With brief, occasional, italicized and sometimes gratuitous commentary…
• The National Retail Federation (NRF) is out with a report saying that Valentine’s Day spending is expected to reach $23.9 billion this year, up from $21.8 billion in 2021 and the second-highest year on record … More than half (53 percent) of U.S. consumers plan to celebrate the holiday in 2022, up from 52 percent in 2021. More than three-quarters (76 percent) of those celebrating indicate it is important to do so given the current state of the pandemic.
"According to the survey, shoppers expect to spend an average of $175.41 per person on Valentine’s Day gifts, up from $164.76 in 2021. The increase comes as many intend to spend more on significant others or spouses.
"Candy (56 percent), greeting cards (40 percent) and flowers (37 percent) remain the most popular gift items this Valentine’s Day."
That's interesting, because I've talked to a number of retailers who are concerned that the timing of the Super Bowl - it occurs on Sunday, February 13, the day before Valentine's Day - could mean diminished spending on the holiday. We'll see.
• The Washington Post reports that Florida's "orange crop will be the smallest since World War II, according to a U.S. Department of Agriculture report earlier this month.
"And the threats to Florida’s 'liquid gold' continue: Weather forecasters predict this weekend’s freezing temperatures in Florida will further hurt the season’s crop."
The result, almost inevitably, will be higher prices at retail.
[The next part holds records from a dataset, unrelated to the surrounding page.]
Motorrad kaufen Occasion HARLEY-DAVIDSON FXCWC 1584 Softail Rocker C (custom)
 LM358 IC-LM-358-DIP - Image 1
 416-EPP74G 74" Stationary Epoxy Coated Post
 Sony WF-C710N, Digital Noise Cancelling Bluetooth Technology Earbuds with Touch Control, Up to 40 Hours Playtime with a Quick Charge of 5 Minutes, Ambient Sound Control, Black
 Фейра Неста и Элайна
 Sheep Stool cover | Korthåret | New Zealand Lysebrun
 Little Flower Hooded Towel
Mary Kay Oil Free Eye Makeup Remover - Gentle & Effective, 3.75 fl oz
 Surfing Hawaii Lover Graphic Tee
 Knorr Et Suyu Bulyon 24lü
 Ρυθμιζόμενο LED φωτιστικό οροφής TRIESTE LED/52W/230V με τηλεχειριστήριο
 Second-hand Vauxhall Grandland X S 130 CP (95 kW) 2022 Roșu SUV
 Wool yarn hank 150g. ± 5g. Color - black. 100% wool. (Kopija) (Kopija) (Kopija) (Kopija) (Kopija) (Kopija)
"Like most groceries, orange juice prices have been going up," the Post writes. "In 2021, orange juice prices rose 13.8 percent, according to the USDA, and according to market research firm Nielsen, retail prices of orange juice have increased another 5.73 percent this month. The 2021 increase in orange juice prices was roughly twice the rate of increase in the cost of groceries."
The Post notes that "Florida is the country’s largest producer of juice oranges, at its peak producing 244 million boxes of oranges annually. This year, the USDA predicts that will fall to only 44.5 million."
• Fox News reports that "Coffee giant Starbucks is facing another union push. This time, it's in Atlanta.
"The Starbucks on Howell Mill Road is the latest in a growing number of stores seeking to unionize. However, it's the first to do so in Georgia, according to Starbucks Workers United. … In a letter to Starbucks CEO Kevin Johnson, Starbucks Workers United claimed that while the company increased its earnings during the pandemic, employees, otherwise known as partners, 'have not shared in this prosperity.'
"The group further claimed that it endures 'unprecedented instability in the workplace' and 'witnessed unfair retaliation.'
"The employees have also felt like they were being 'silenced or ignored.'
The story notes that "last month, a Starbucks store in downtown Buffalo, New York, became the first location to unionize in Starbucks’ 50-year history … Individual stores in Massachusetts, Arizona, Oregon, Illinois, Colorado, Tennessee and Starbucks’ home city of Seattle have petitioned the labor board for union elections.
"Additional stores in Buffalo have also attempted to unionize."